====== Data extracts ======

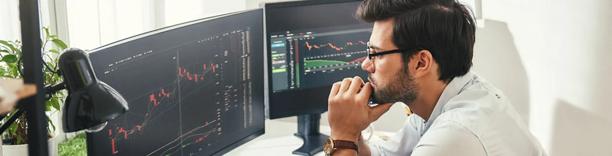 Businessman analysing data on multiple monitors, symbolizing financial markets and trading analysis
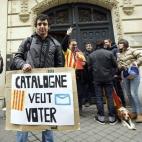 Un joven muestra una pancarta que reza "Cataluña quiere votar" a las afueras de la Delegación del Gobierno catalán en Francia.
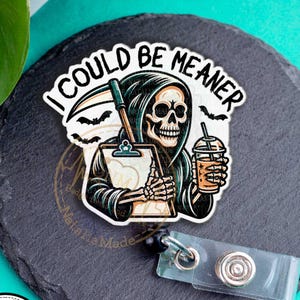 May include: A badge reel with a cartoon grim reaper holding a clipboard and a drink, with the text "I COULD BE MEANER". The reel is on a black slate-like surface with a badge reel clip.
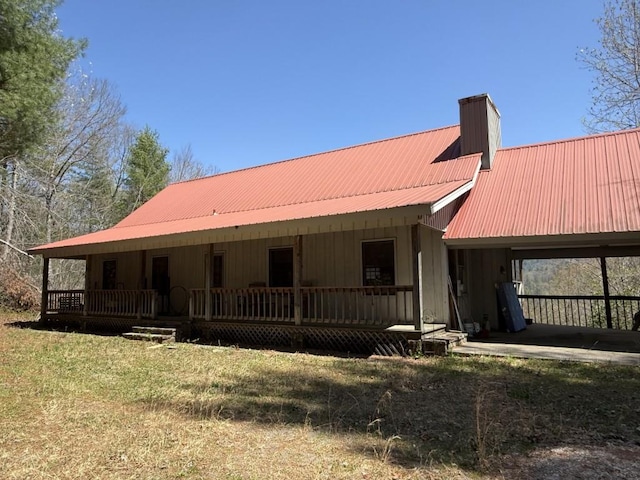 8578 Soapstone Creek Cir, Hiawassee, GA 30546 - country-style home featuring a porch, metal roof, a chimney, and a front yard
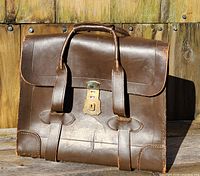 Front view of brown leather flight briefcase with brass lock and dual handles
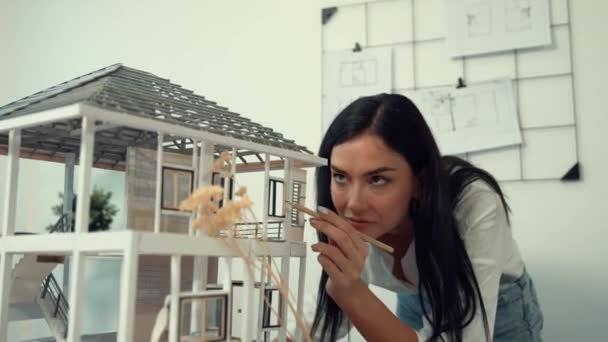 Closeup Young Beautiful Smart Engineer Focus Measuring House Model Using — Stock Video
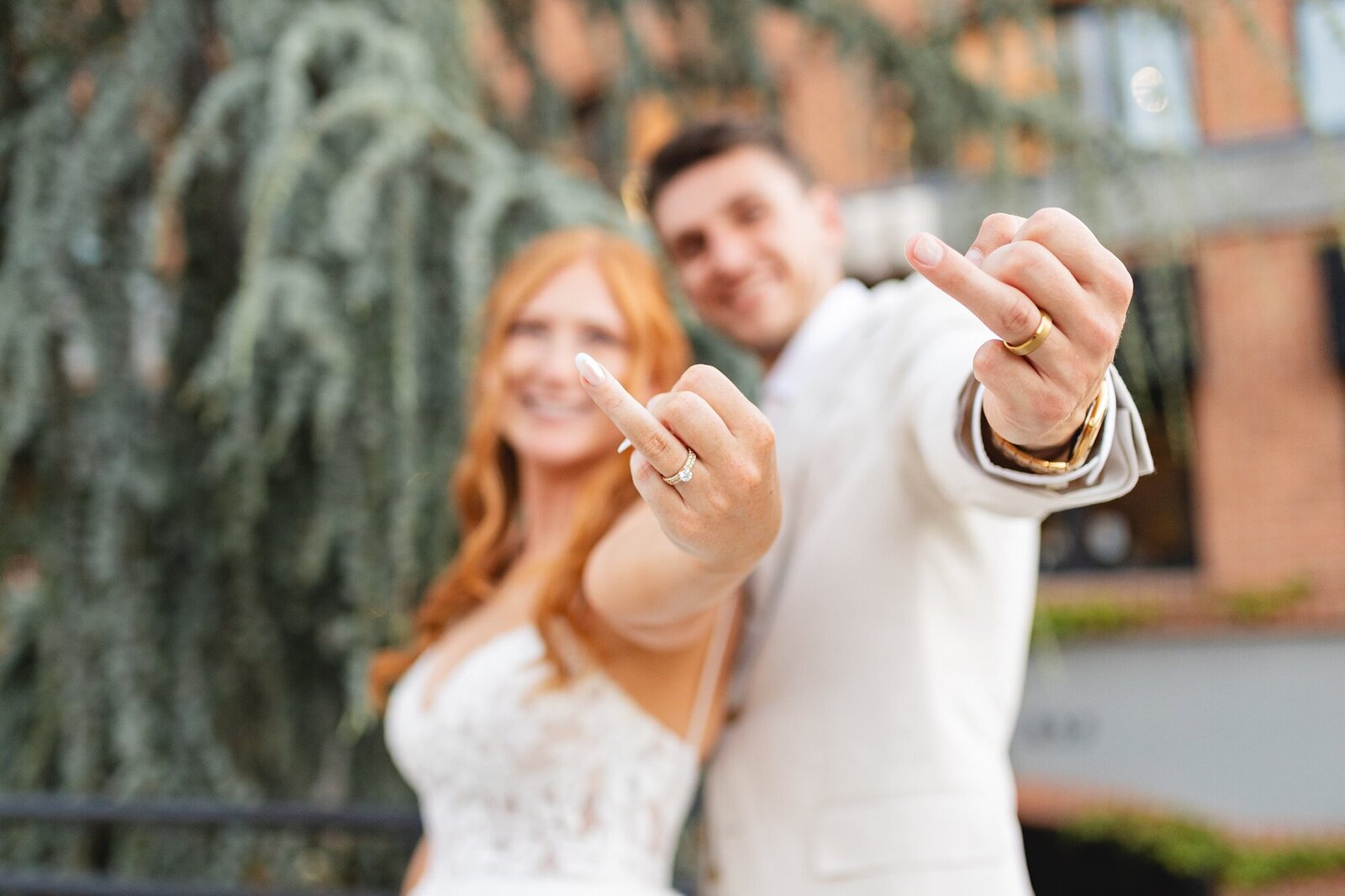 groom and bride showing off their wedding rings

======

Copy only what lies between the start of the listing above and the line containing "Un joven muestra", inclusive of both ends, exactly as written, and drop the pictures.

 Businessman analysing data on multiple monitors, symbolizing financial markets and trading analysis
 Un joven muestra una pancarta que reza "Cataluña quiere votar" a las afueras de la Delegación del Gobierno catalán en Francia.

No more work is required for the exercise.